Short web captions
-=-=-

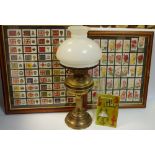 Cigarette Cards - A brass oil lamp; a book, Discovering Oil Lamps; a framed set of cigarette cards,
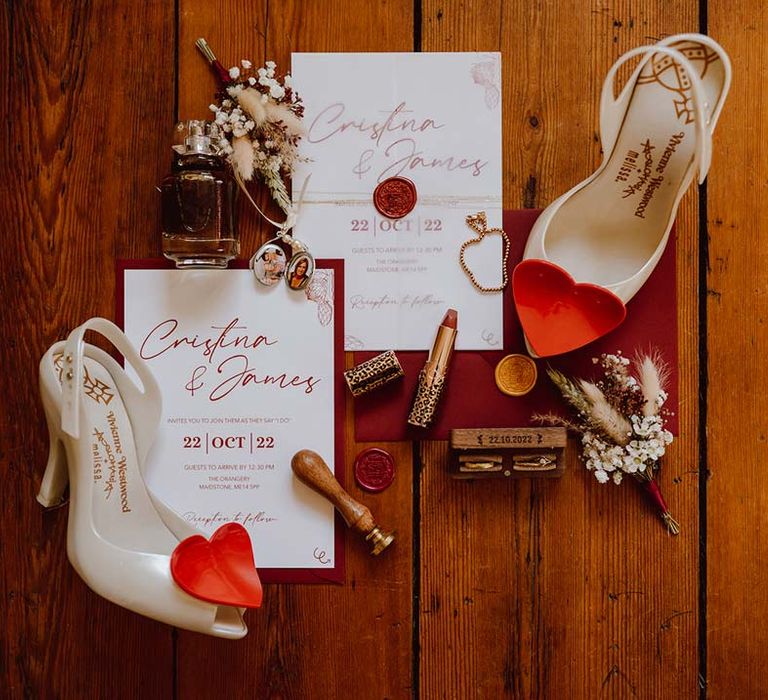 Red and white minimalistic wedding stationery with red cursive calligraphy on white paper and red wax seal with heart shaped Vivienne Westwood wedding shoes, sprigs of dried flowers and foliage, perfume bottles and makeup 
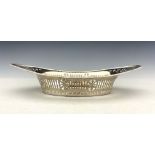 A George V silver fretwork bowl, Barker Brothers, Chester 1917, pierced boat form, reeded and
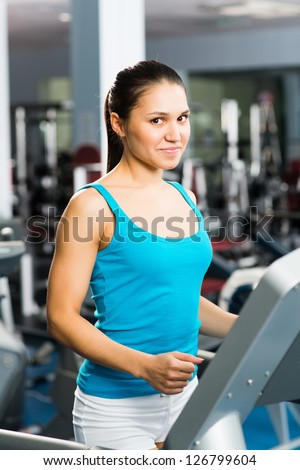 attractive young woman runs on a treadmill, is engaged in fitness sport club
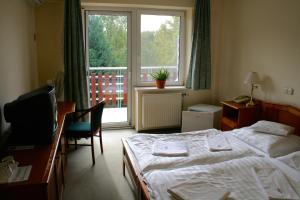 Postel nebo postele na pokoji v ubytování Well Hotel + 18 fotografií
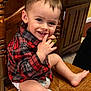 Brody Dean joined the competition — help win amazing prizes! toddler, child, smiling, plaid_shirt, sock, diaper, wooden_chair, furniture, indoor, floor_tile, cute, happy, person, baby, face, hand, leg, foot, skin, expression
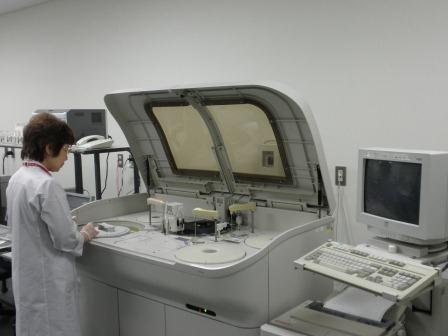 ふたの付いた大きな機械の前に立つ白衣姿の女性の写真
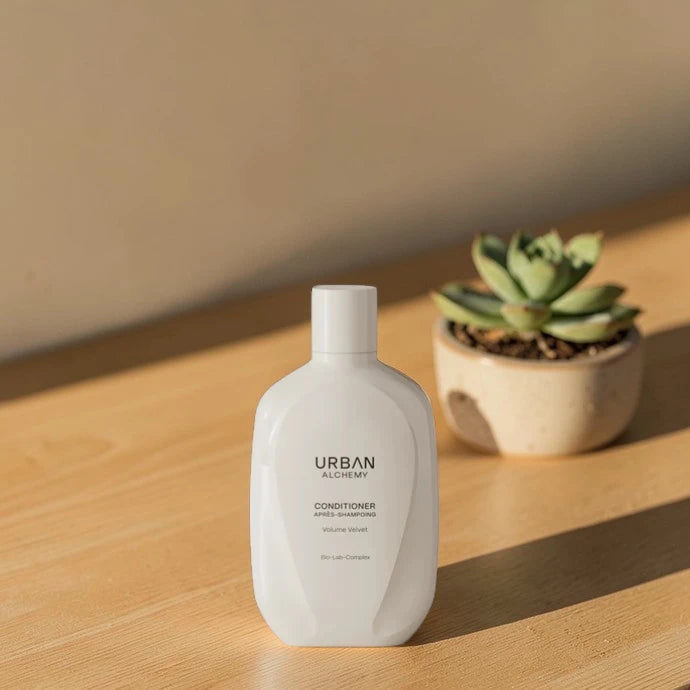 Bouteille blanche d’après-shampoing Urban Alchemy sur une surface en bois avec un pot de plante à l’arrière-plan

-=-=-

The task:
Copy nothing but the lines from the start of the entries through the line with "Red and white". Write them out exactly, without pictures.

Task answer:
 Cigarette Cards - A brass oil lamp; a book, Discovering Oil Lamps; a framed set of cigarette cards,
 Red and white minimalistic wedding stationery with red cursive calligraphy on white paper and red wax seal with heart shaped Vivienne Westwood wedding shoes, sprigs of dried flowers and foliage, perfume bottles and makeup 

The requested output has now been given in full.